## [Task to carry out]
Every entry needs to be written out again exactly, with its pictures removed.

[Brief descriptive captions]

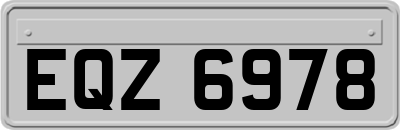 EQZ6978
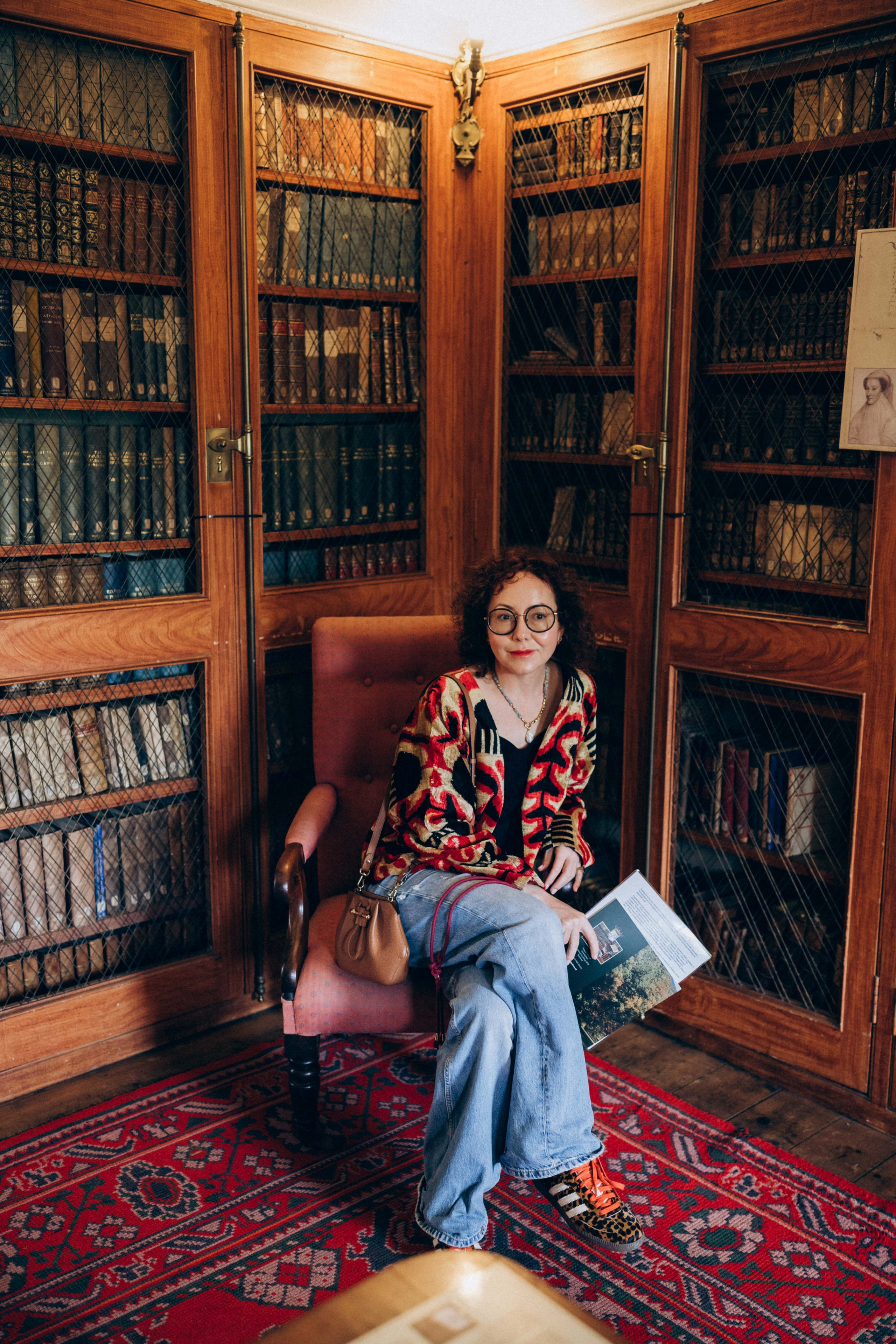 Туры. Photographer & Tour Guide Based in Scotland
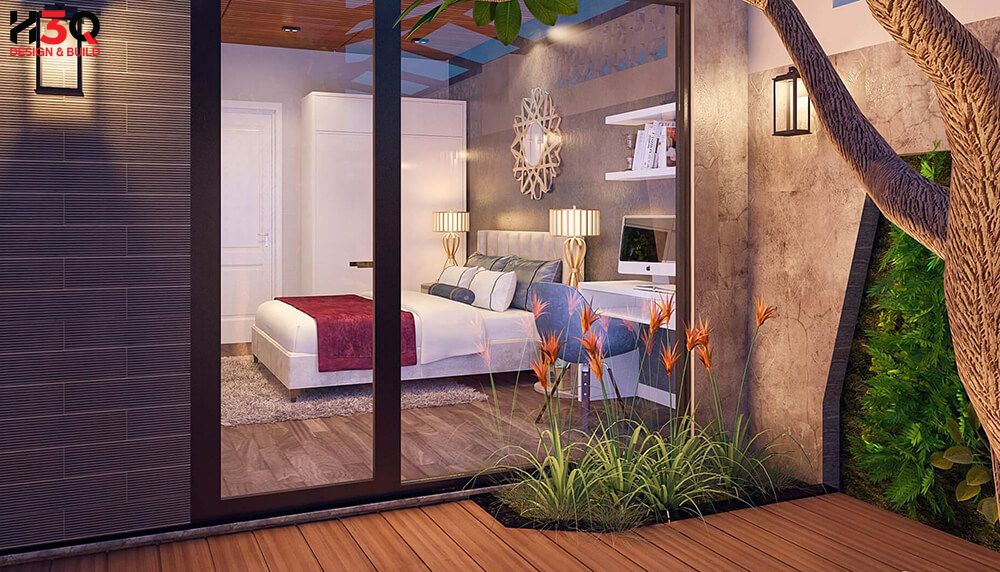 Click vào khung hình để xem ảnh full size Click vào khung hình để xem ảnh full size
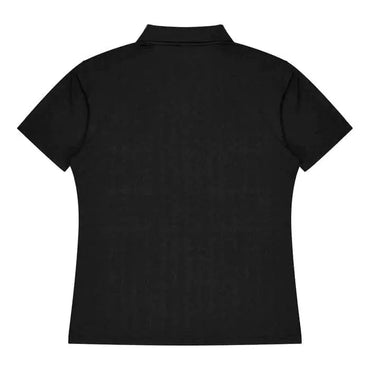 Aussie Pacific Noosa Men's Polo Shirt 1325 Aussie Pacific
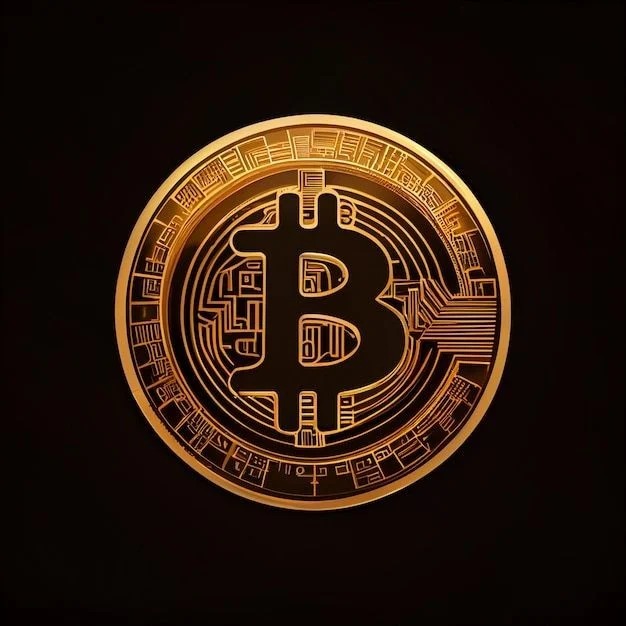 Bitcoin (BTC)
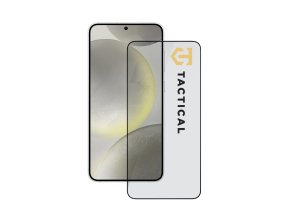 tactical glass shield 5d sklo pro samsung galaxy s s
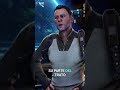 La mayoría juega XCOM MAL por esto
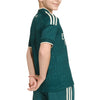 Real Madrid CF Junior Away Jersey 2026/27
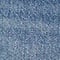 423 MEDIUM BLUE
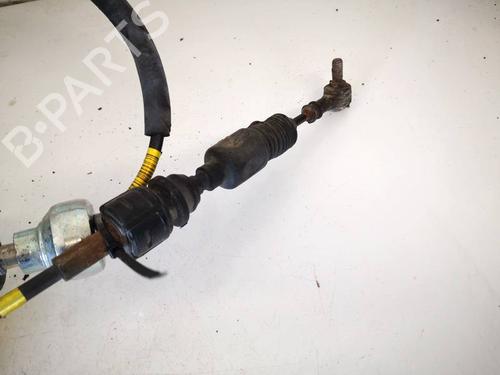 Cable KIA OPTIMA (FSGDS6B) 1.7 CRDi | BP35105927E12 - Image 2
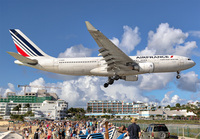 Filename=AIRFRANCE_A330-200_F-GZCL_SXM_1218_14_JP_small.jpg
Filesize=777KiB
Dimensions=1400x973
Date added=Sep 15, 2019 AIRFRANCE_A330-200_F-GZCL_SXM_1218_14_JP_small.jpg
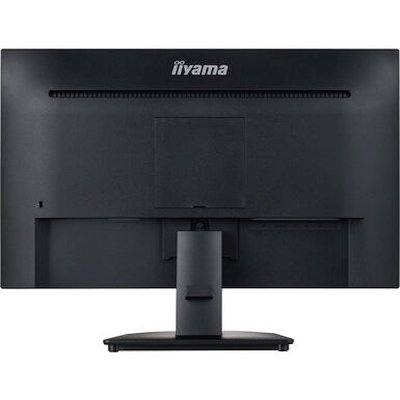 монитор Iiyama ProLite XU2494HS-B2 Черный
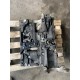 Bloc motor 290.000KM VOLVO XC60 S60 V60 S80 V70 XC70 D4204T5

## [Result]
 EQZ6978
 Туры. Photographer & Tour Guide Based in Scotland
 Click vào khung hình để xem ảnh full size Click vào khung hình để xem ảnh full size
 Aussie Pacific Noosa Men's Polo Shirt 1325 Aussie Pacific
 Bitcoin (BTC)
 tactical glass shield 5d sklo pro samsung galaxy s s
 La mayoría juega XCOM MAL por esto
 Real Madrid CF Junior Away Jersey 2026/27
 423 MEDIUM BLUE
 Cable KIA OPTIMA (FSGDS6B) 1.7 CRDi | BP35105927E12 - Image 2
 Filename=AIRFRANCE_A330-200_F-GZCL_SXM_1218_14_JP_small.jpg
Filesize=777KiB
Dimensions=1400x973
Date added=Sep 15, 2019 AIRFRANCE_A330-200_F-GZCL_SXM_1218_14_JP_small.jpg
 монитор Iiyama ProLite XU2494HS-B2 Черный
 Bloc motor 290.000KM VOLVO XC60 S60 V60 S80 V70 XC70 D4204T5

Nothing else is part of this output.